Some may claim to hear Coldplay influences on the first single “I Think I Need It To,” and all I can say to that is open your ears fools! It’s time to end this nonsense. It’s the other way around: The Bunnymen are the ones that influenced Berryman, Buckland, Champion and Martin. Echo has the fury and eloquence that Coldplay wishes they had. I’m not a hater, I am actually a Coldplay fan, I just feel the need to stop the shenanigans and put the needle right where it belongs. The Bunnymen are icons, Coldplay are still learning and they owe a lot of their growing sound to McCulloch and Sergeant.
What you will hear on “I Think I Need It To” are some of the Electrafixion-ized riffs, with some punk zeal. McCulloch adds his trademark prosaic lyrics and classic vocal that are so addictive that I defy you not to sing “Whatever you want…Whatever you need…” cranked up on your stereo while cruising down the highway. “Do You Know How I Am” is McCulloch’s social commentary on the Hollywood celebrity starving culture. Sergeant shreds the riffs over the Echo filled drum beats and Ian’s clever lyrical barbs will resonate while you reverberate to the three minutes of this futuristic melody.

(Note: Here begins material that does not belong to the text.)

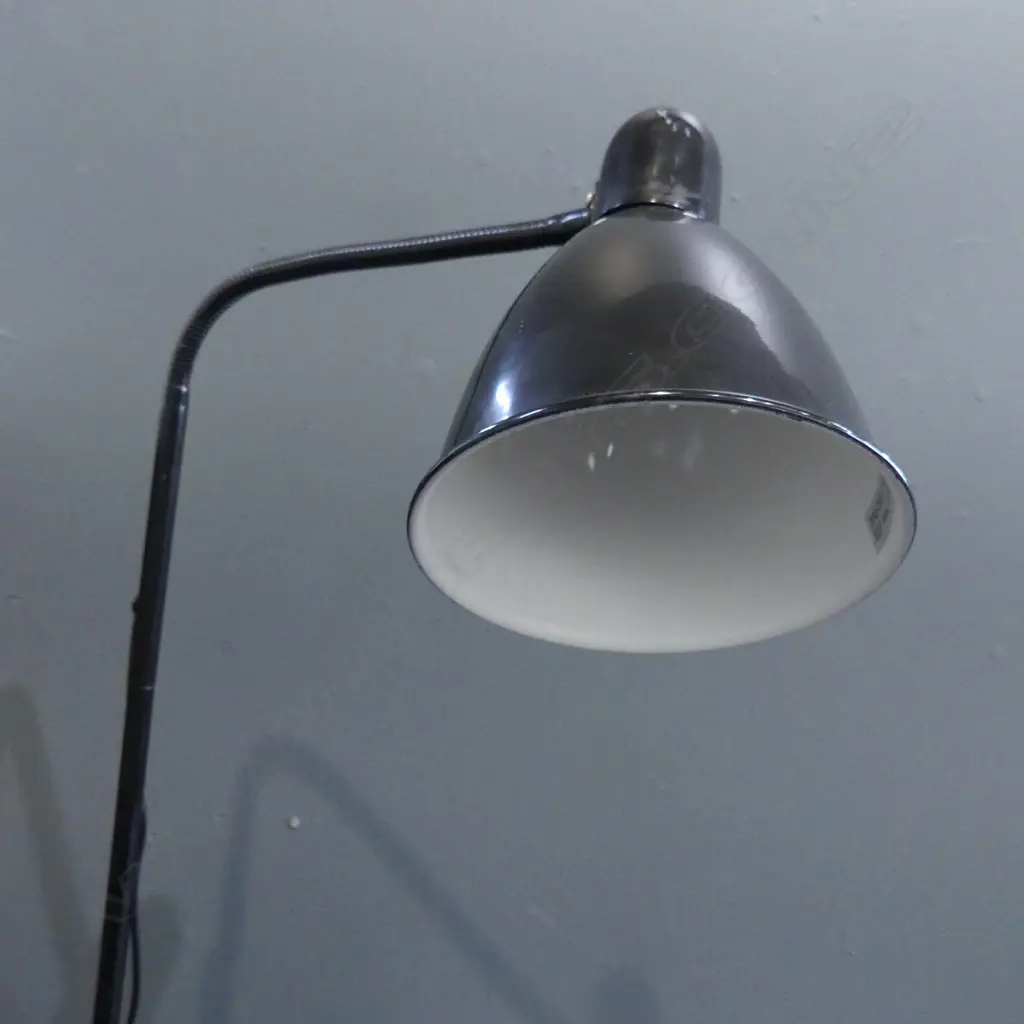 BLACK METAL ADJUSTABLE FLOOR LAMP H.1430mm Image 1++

The next song “Shroud of Turin” is McCulloch’s self proclaimed `tongue-in-cheek conversation with Jesus.’ Only Mac would have the gall to write a song where he meets the son of God: “It never happens when you want it to/ it never does what it’s supposed to do.” Mac’s lyrics deal with the unpredictability faith has in our lives. The Fountain grows with the irresistible chimes of “The Life of a Thousand Crimes.” I love Will’s jangling wah wah guitar riffs over Mac’s lyrical search for salvation in the surprise of love.
My favorite song is the title track, which has a stronger personal connection to me. You see “The Fountain” is going to be the theme to my wedding. We’re going to spin this beauty right after Michelle and I say our vows, and devote our lives to each other. Sealed with a kiss, and then here comes the greatness, our life together and this glorious song. Simply, “The Fountain” is the best song The Bunnymen have recorded since “Ocean Rain.” “The Fountain” has McCulloch’s trademark water filled imagery, soaring strings, Sergeant’s guitar greatness and a sound that’s timeless, everything we’ve come to expect from these mystical Liverpuldians.

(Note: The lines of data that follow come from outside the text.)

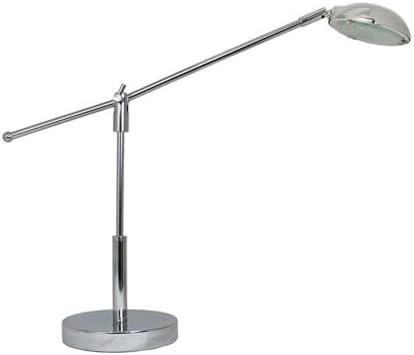 Chrome Balance Arm Swivel LED Lamp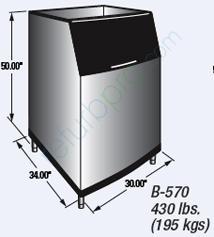 Manitowoc 430 lbs Ice Bin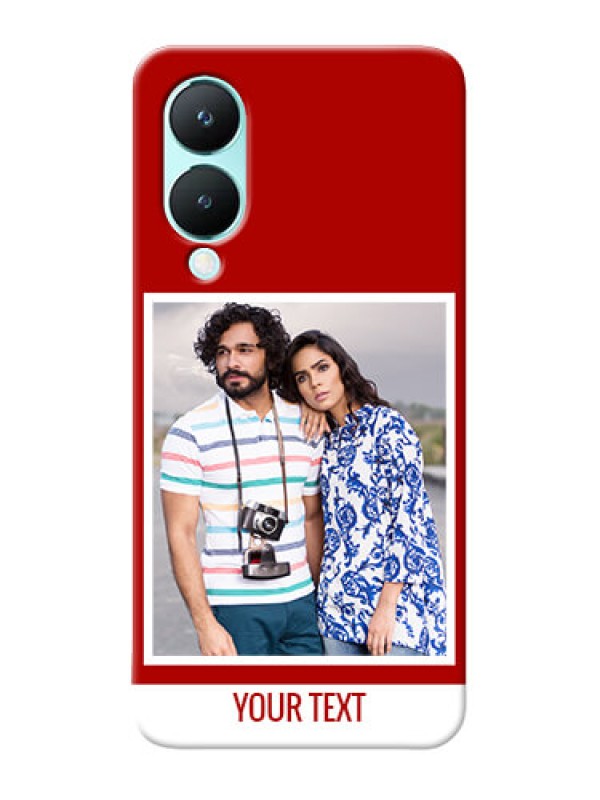 Custom Vivo Y28 5G mobile phone covers: Simple Red Color Design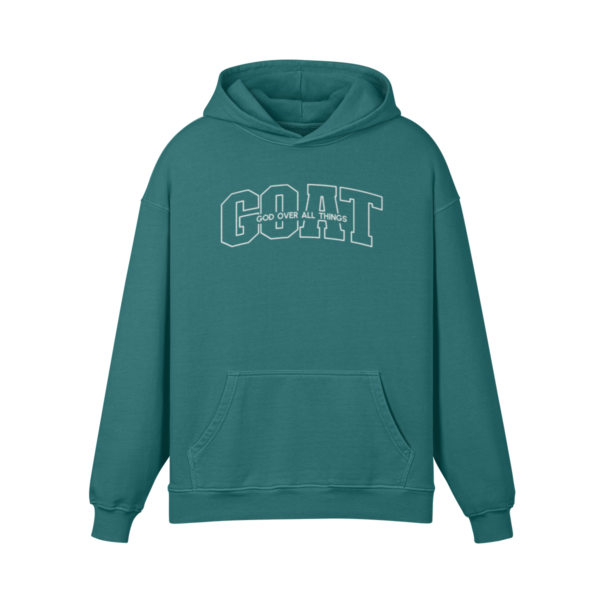GOAT&mdash;God Over All Things (Embroidered) Hoodie
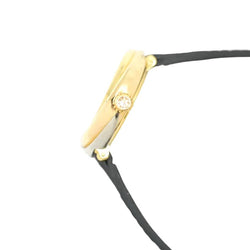 Montre CARTIER "Trinity" en or jaune, or rose, or blanc et cuir - Castafiore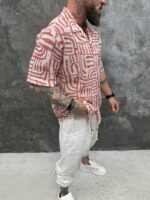 Premium Crochet Shirt „Maze“ Rose Edition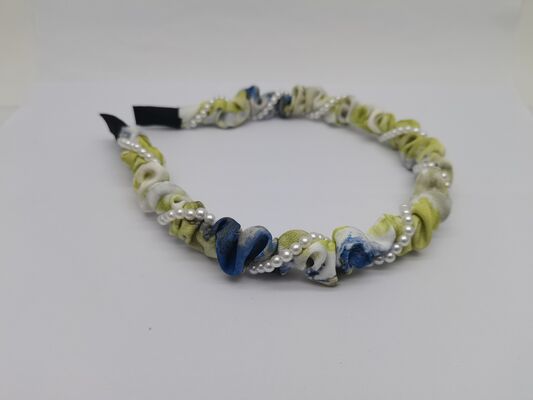 Fabric Hairband with Pearl for Daily Wear or Some Special Occasion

The Fountain climaxes with the very lovely “The Idolness of Gods.” In the vein of Evergreen‘s “Forgiven,” “Gods” reflects the rarely heard maturity of Ian contemplating his own future through his life as a lonesome lyrical king. When Mac sings, “Oh what now,” he’s not trying to be ironic. Nearing the twilight of his life as an artist, McCulloch and The Bunnymen are trying not to become irrelevant in this age of throw away Pop Idol fame where music often comes second to the goal of celebrity.
If The Fountain is any indication, McCulloch and Sergeant have nothing to worry about. In fact, none other than Quentin Tarantino is a devotee of The Bunnymen. The writer/director of “Inglorious Basterds” actually appeared on Jimmy Kimmel’s show because he was heart broken to miss the Ocean Rain revival shows in Los Angeles. Q.T. was actually star-struck meeting his Liverpuldian idols. Ian being his Mac self told Tarantino, “Stick us in one of your movies.” Quentin returned the favor with the highest compliment—while at the legendary Cavern Club in Liverpool he told a group of fans, “You don’t need The Beatles here…you’ve got Echo & the Bunnymen.” High praise from one genius to another. And you know Mac was thinking to himself, “damn right.”
Echo & the Bunnymen may be in the shadow of the Fab Four, but with fans like Tarantino they will never become irrelevant. Unconvinced? Take a dive inside The Fountain, one of the best albums of the year from a band bred from the Ocean Rains of Liverpool, still making waves towards the future. The voice, the guitar, the majesty is all there for you to rediscover again.